Getting back to NV100/Fermi/GF100, nVidia had numerous issues with getting sustainable yields from TSMC and their troubled 40nm process node. Manufacturing a 529mm2 die [23x23mm] is a massive undertaking, but with 40nm GPUs, we saw both nVidia and AMD breaking their habits: AMD said that their die sweet-spot is 256mm2, only to go 334mm2 with their Cypress architecture, while even three billion transistor monster wasn’t enough for nVidia to break the previous die record: original 65nm NV60/GT200 chip featured a massive 576mm2 die.
GF100 packs 16 Core clusters consisted out of four special units and 32 cores each, for a grand total of 512 cores. However, TSMC was only able to produce a limited number of dies with all 512 cores enabled. nVidia decided to split the line-up into three GPUs: 448-core one which serves as Tesla C2050 3GB and C2070 6GB, upcoming Quadro FX 4900 1.5GB and as GeForce GTX 470. Second variant is the 480 core one, which is now debuting as GeForce GTX 480 and will debut as Quadro FX 5900 in only a few weeks time. The third variant, fully fledged 512-core one will remain unused for now. As the chip production ramps up, there is a possibility for GeForce “GTX 490” and Quadro “FX 5950”. Third product line, the Teslas will remain unchanged for the 40nm generation.

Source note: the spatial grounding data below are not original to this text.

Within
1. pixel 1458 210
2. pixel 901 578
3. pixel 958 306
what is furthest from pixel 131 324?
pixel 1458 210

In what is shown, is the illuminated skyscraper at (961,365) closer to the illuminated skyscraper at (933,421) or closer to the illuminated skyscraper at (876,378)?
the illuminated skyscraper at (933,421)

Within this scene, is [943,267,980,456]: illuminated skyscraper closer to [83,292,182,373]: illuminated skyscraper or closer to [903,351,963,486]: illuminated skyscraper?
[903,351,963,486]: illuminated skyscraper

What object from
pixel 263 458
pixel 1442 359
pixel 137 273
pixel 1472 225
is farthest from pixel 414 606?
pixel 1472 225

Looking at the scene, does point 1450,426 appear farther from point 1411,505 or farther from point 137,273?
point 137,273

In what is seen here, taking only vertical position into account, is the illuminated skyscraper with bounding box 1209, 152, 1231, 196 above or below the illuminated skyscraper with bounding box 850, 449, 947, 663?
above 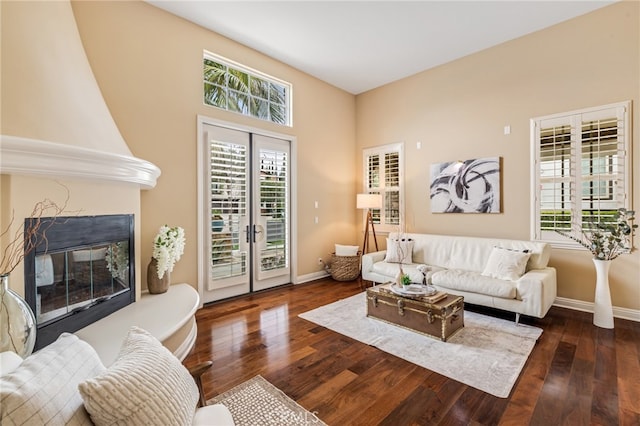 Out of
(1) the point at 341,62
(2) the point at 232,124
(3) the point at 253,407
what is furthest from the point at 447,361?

The decision to go with only 480 cores resulted in large number of qualified dies, as nVidia should have in excess of 30,000 GTX 480 chips alone for the hard launch in April. However, when ATI launched Radeon HD 5800 series in late September 2009, the company only had around 20,000 boards worldwide. The number of nVidia boards available at launch tonight is equal to zero, and ATI wins DirectX 11 availability hands down. Unfortunately, the whole timeline how nVidia’s management and representatives handled this is a text-book example of how not to treat their partners, analysts and media. We’ll see if the company will grow into a trustworthy one or not. For now, the answer is unfortunately negative for nVidia.
GeForce GTX 480
Getting away from all the intricacies and finally the delivering of the Fermi chip to life, the subject of today’s review is called the GeForce GTX 480. We managed to acquire two boards and will be taking a very good look into the scaling part, as nVidia claims to have 90% scaling in most cases.

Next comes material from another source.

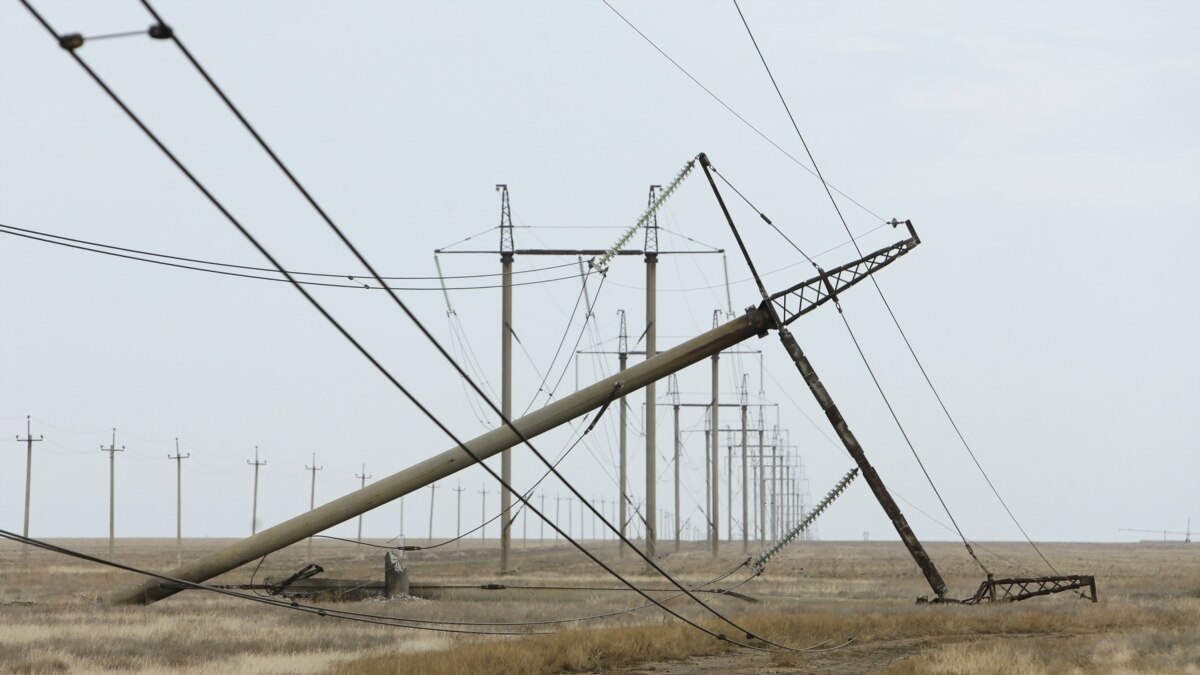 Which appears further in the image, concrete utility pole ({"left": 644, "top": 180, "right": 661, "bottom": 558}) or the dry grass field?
concrete utility pole ({"left": 644, "top": 180, "right": 661, "bottom": 558})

First and foremost, GTX 480 is a bit shorter than its direct competitor, the Radeon HD 5870. The board is 26.7 centimeters [10.5 inches] long – about the same as its predecessor, GeForce GTX 280/285. The whole card is covered with one interesting heatsink. For the GTX 480, nVidia decided to ditch the plastic cover over the GPU and created a nickel-plated aluminum cover that looks spectacular – our photographer said to us that this is the most photogenic piece of hardware he has seen in years. Looking from a technical perspective, nVidia definitely needed every square millimeter for heat dissipation. We also have to warn you not to touch the metal part of heatsink after the board has worked for a while – you’re guaranteed a burnt finger. The interesting bit about the fan is the fact that original card used to intake air from the holes on PCB and the regular front side. However, nVidia changed this design literally at the last minute – only a few weeks ago, the company mounted a larger fan, which rendered the back holes useless. You can expect that these holes will be closed shut on the PCB Rev C [tested board was a PCB Rev B with GF100-375-A3 chip].

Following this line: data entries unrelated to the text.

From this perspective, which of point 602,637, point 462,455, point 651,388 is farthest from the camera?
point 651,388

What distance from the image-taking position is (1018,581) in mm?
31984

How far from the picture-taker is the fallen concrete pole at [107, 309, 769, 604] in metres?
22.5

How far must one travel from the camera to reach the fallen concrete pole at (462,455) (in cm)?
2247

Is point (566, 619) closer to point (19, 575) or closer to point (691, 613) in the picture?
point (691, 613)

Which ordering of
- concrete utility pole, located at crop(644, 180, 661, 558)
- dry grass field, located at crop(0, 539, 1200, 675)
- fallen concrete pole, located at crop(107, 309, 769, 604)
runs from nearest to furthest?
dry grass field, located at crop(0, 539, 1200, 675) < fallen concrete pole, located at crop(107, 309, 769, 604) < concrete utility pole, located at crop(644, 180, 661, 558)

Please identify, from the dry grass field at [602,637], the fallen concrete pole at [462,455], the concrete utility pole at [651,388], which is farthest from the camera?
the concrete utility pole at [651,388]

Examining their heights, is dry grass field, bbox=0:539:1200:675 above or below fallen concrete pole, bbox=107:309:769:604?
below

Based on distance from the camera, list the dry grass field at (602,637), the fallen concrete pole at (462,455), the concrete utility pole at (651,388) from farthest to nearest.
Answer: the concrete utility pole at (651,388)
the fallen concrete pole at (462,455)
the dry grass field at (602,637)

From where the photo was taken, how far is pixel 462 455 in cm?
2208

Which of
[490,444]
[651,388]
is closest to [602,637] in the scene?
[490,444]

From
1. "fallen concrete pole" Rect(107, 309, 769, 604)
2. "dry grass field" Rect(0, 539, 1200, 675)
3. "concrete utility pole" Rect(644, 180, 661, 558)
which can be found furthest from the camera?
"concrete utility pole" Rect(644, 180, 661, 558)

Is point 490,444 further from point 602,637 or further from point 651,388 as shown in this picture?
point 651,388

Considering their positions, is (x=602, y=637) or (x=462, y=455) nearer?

Looking at the official spec sheet, nVidia states GPU ticks at 700 MHz, 480 Cores tick at 1.4 GHz and 1.5GB of GDDR5 memory work at… 7.4 “GHz”. Say what? In reality, this is a way for nVidia to beat “1.2 GHz” on HD 5870’s spec sheet.
Looking at the PCB, we notice the clean design – there is no NVIO chip present, as nVidia decided to sacrifice a portion of the die for display connectivity. This is also the reason why even Tesla C20 Series boards come with DVI connector. The board features 12 memory chips which interestingly don’t say a thing who is the manufacturer of the chips. We know that nVidia contracted Samsung to manufacture custom-built ECC GDDR5 memory, but is this memory from Samsung or somebody else, like the now-defunct Qimonda – remains to be seen. Sadly, the DRAM cells tick at only 924 MHz. nVidia claims DRAM speed is “1848 MHz” but in reality, GDDR5 memory is no longer a DDR memory – data moves four times a cycle, two bits up and two bits down. Thus, we weren’t surprised to see AMD using “Gbps” and “Gtransfer/second” monikers in the past, while board manufacturers mostly default to “GHz”. GQDR is sadly, a bit hard to pronounce. In reality, nVidia has 1536MB GDDR5 memory ticking at 924 MHz in Quad Data Rate, or 3,696 Billion Transfers per second. Combined with a 384-bit memory controller, we come to the video bandwidth figure of 177.41 GB/s. Thus, GeForce GTX 480 is a step down from GeForce GTX 285, which combined 512-bit memory interface with GDDR3 memory at 1.24 GHz DDR clock [158.98 GB/s], with overclocked cards such as EVGA GTX 285 FTW and their 1.39 GHz DDR memory resulting in 177.92 GB/s, which is still a record for a single-GPU board. Looking at the other camp, ATI’s Radeon HD 5870 packs 1GB GDDR5 clocked at 1,2 GHz QDR [4800 GT/s, “GHz” etc.], offering 153.6GB/s of video bandwidth.
Opening the heatsink is quite easy compared to the GTX 280 – when you dig inside it, you’ll find five heatpipes, out of which four exit the heatsink, while one heatpipe remains hidden. nVidia decided to use direct heatpipe contact with the IHS [Integrated Heat Spreader], as first seen on OCZ CPU coolers – a world’s first for GPUs. Truth to be told, we cannot stop wondering why nVidia didn’t go with a Vapor Chamber design, as that design saved ATI Radeon HD 5970 from overheating. Then again, since the NV30 fiasco – nVidia really likes to play conservative with the design elements of the graphics card – we can’t say the same for the silicon gang, given that they really push the envelope of what is physically possible with each and every architecture.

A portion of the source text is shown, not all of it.